▶ Directions:
Each entry is to be given again word for word; images are dropped.

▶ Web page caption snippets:
+-------+
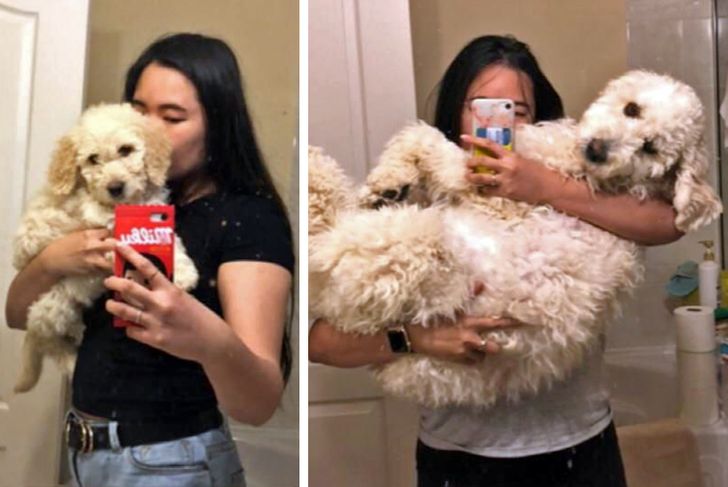 Любителям собакенов: большие собаки созданы для людей с огромным сердцем 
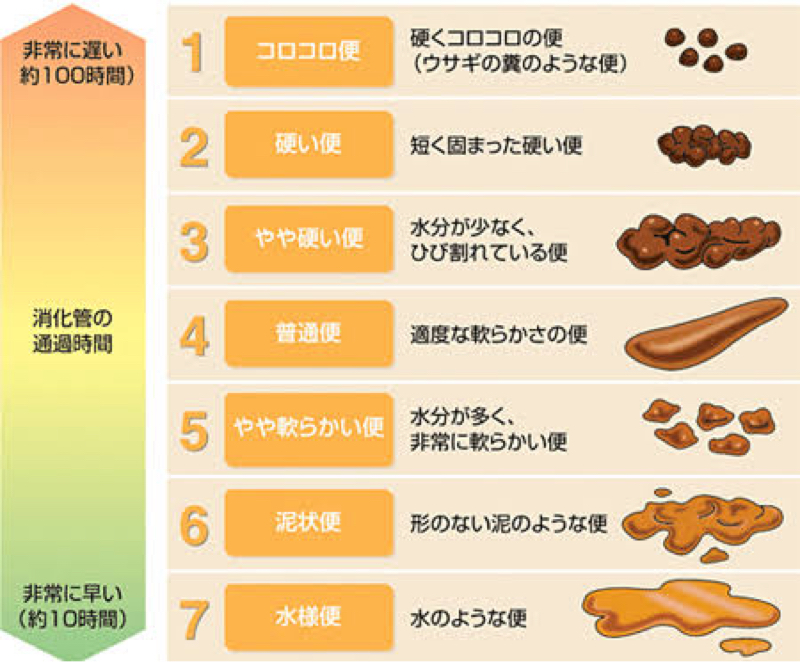 排便コントロールをはじめる from Radiotalk episode artwork
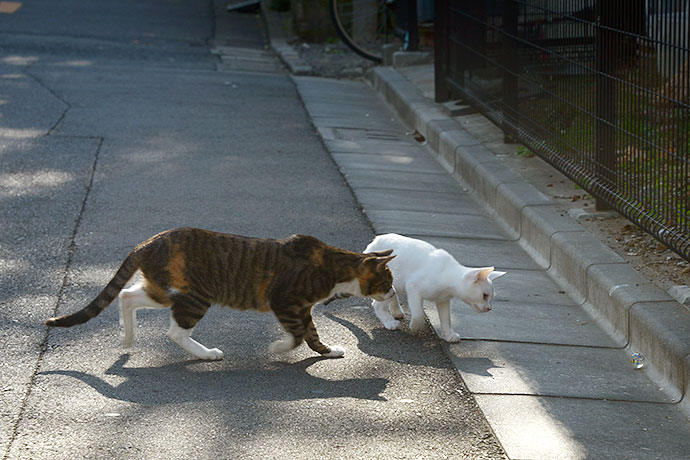 街のねこたち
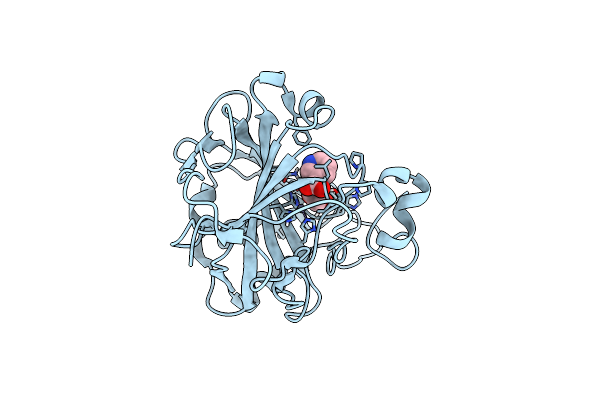 6MBV image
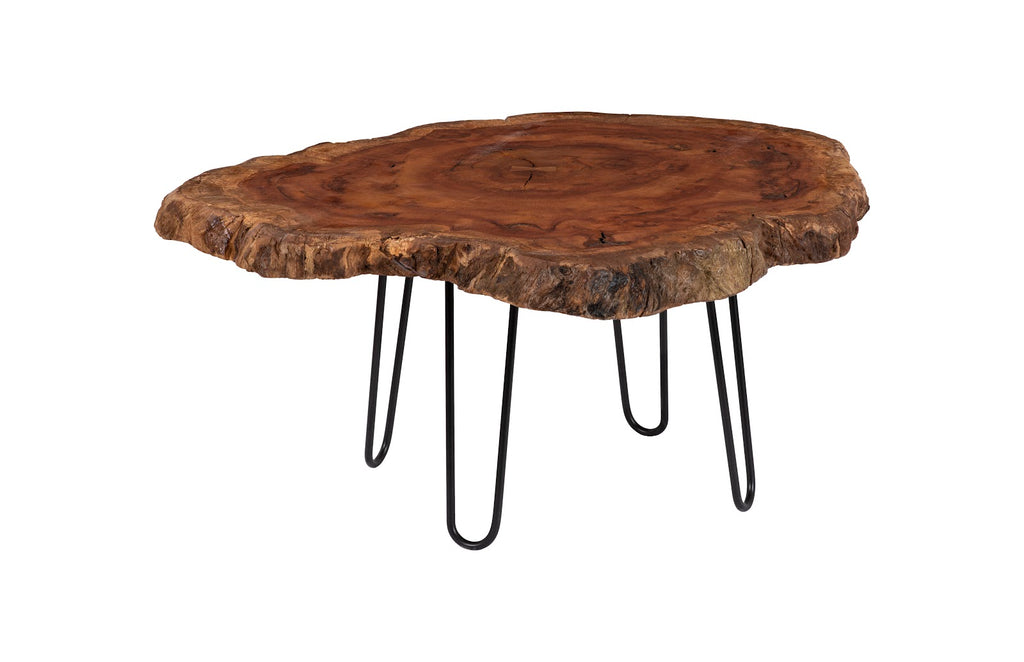 Burled Coffee Table, Black Metal Legs, Large | Phillips Collection - TH93212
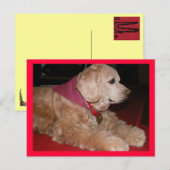 Carte Postale petite fille (Devant / Derrière)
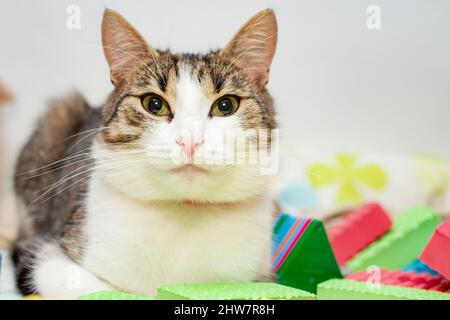 portrait of an european cat resting  on toys Stock Photo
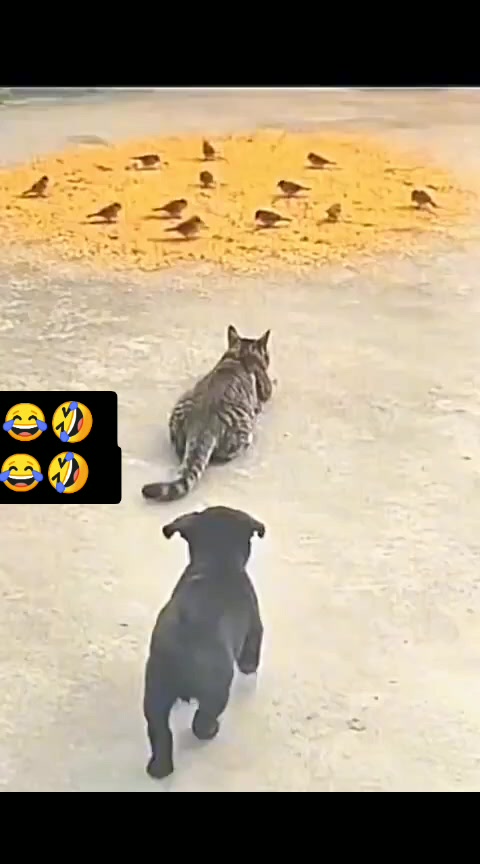@SalmanSaeed125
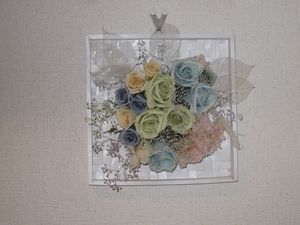 img_3117.jpg
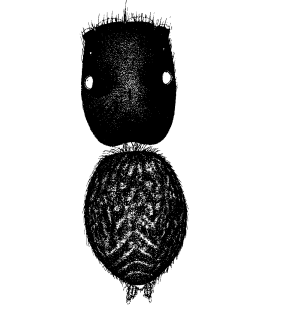 speciesimage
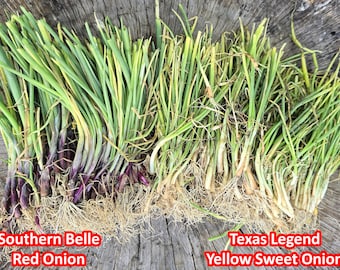 Short Day Sweet Onion Live Transplant Bundles - Texas Legend Yellow Sweet Onion & Southern Belle Red Onion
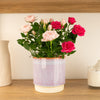 Flowering Rose | Double Pink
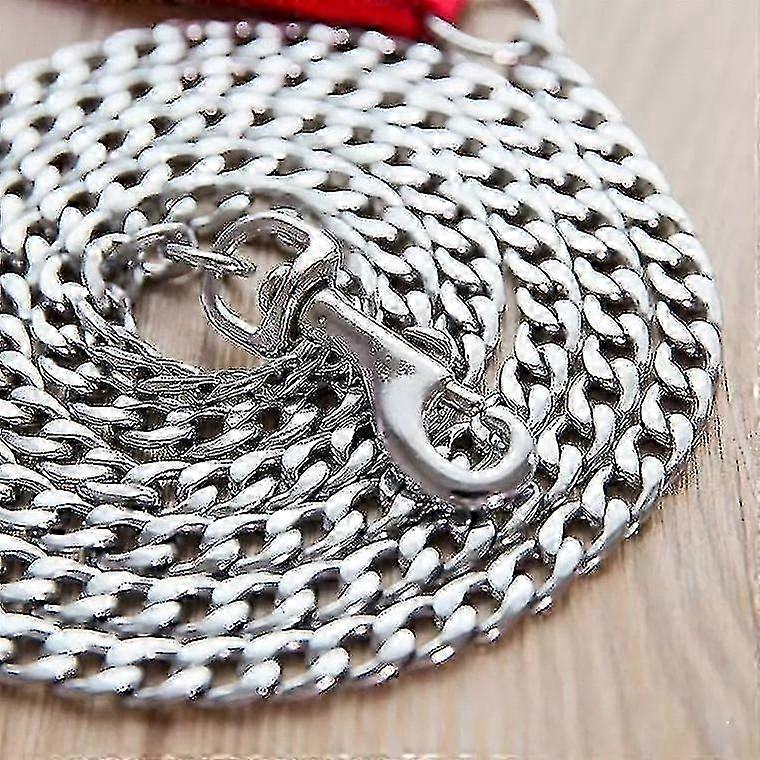 Durable 1.8M Flat Iron Dog Leash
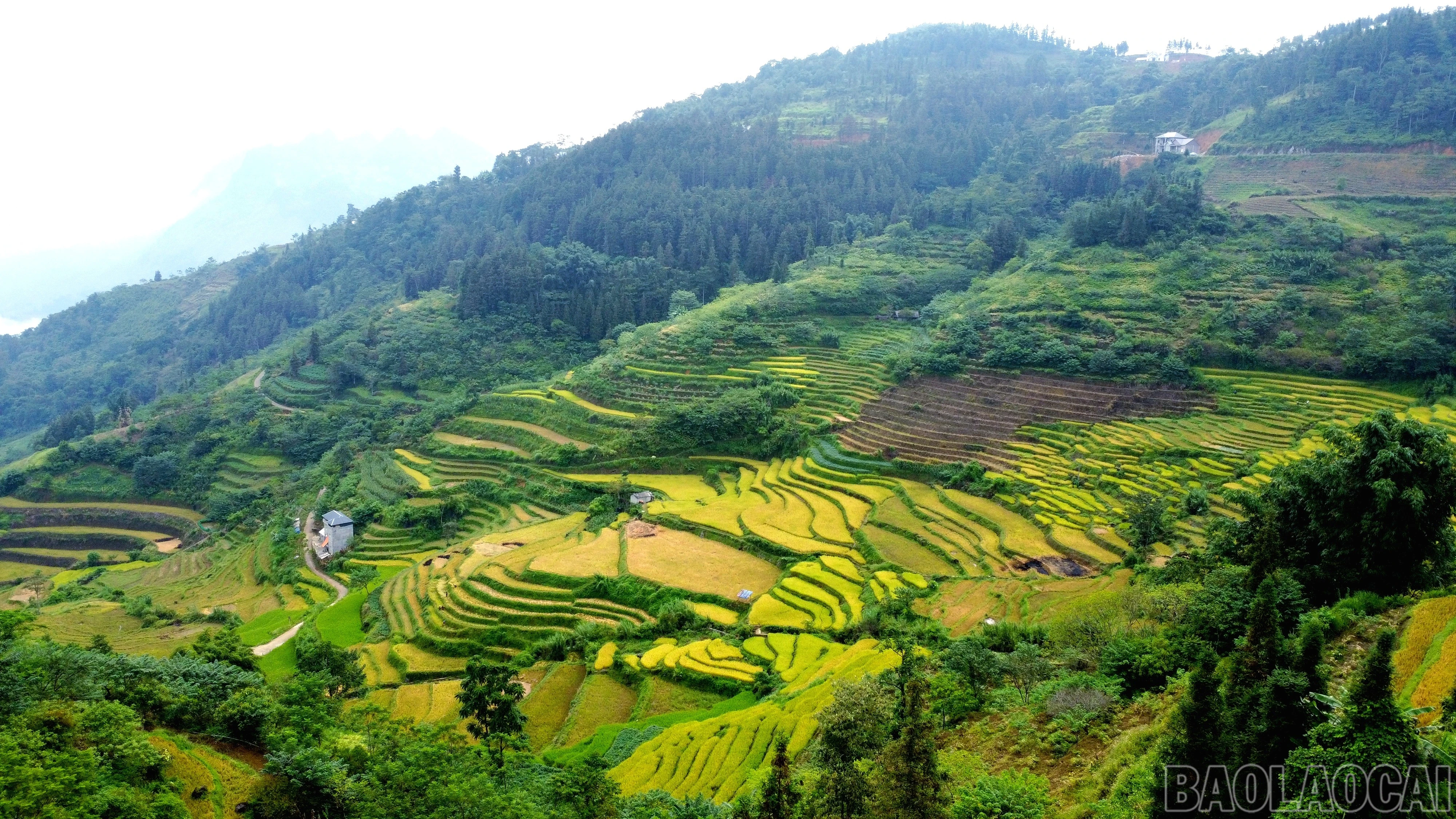 baolaocai-br_img-20260913-164604.jpg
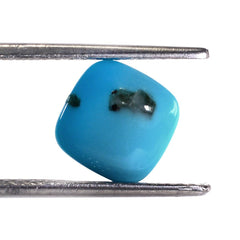 SLEEPING BEAUTY TURQUOISE PLAIN LENTIL CUSHION 9MM 2.10 Cts.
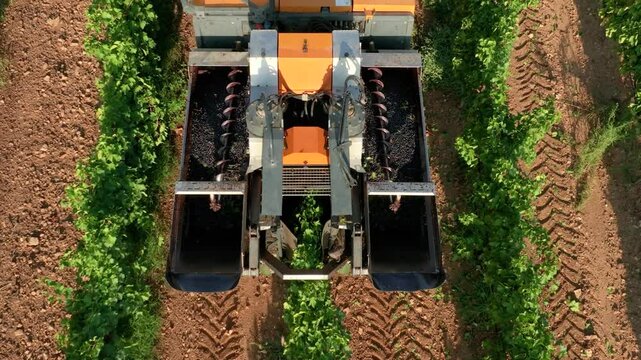 GRAPE HARVESTER, FROM ABOVE IN SLOW MOTION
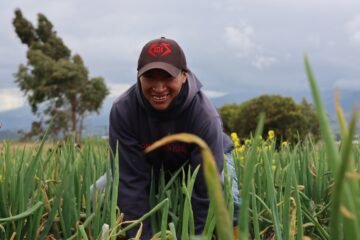 70.000 productores ya recibieron el bono Raíces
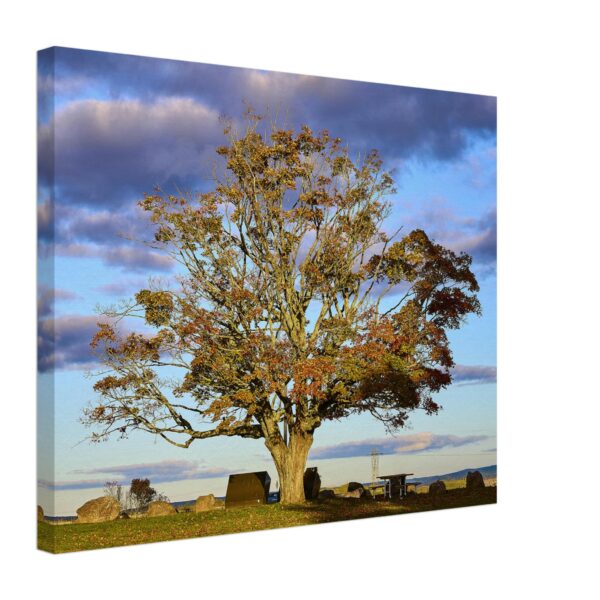 e170ea74-1cd8-4b47-ad0c-08b15deb4ab9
+-------+
▶ Answer box:
 Любителям собакенов: большие собаки созданы для людей с огромным сердцем 
 排便コントロールをはじめる from Radiotalk episode artwork
 街のねこたち
 6MBV image
 Burled Coffee Table, Black Metal Legs, Large | Phillips Collection - TH93212
 Carte Postale petite fille (Devant / Derrière)
 portrait of an european cat resting  on toys Stock Photo
@SalmanSaeed125
 img_3117.jpg
 speciesimage
 Short Day Sweet Onion Live Transplant Bundles - Texas Legend Yellow Sweet Onion & Southern Belle Red Onion
 Flowering Rose | Double Pink
 Durable 1.8M Flat Iron Dog Leash
 baolaocai-br_img-20260913-164604.jpg
 SLEEPING BEAUTY TURQUOISE PLAIN LENTIL CUSHION 9MM 2.10 Cts.
 GRAPE HARVESTER, FROM ABOVE IN SLOW MOTION
 70.000 productores ya recibieron el bono Raíces
 e170ea74-1cd8-4b47-ad0c-08b15deb4ab9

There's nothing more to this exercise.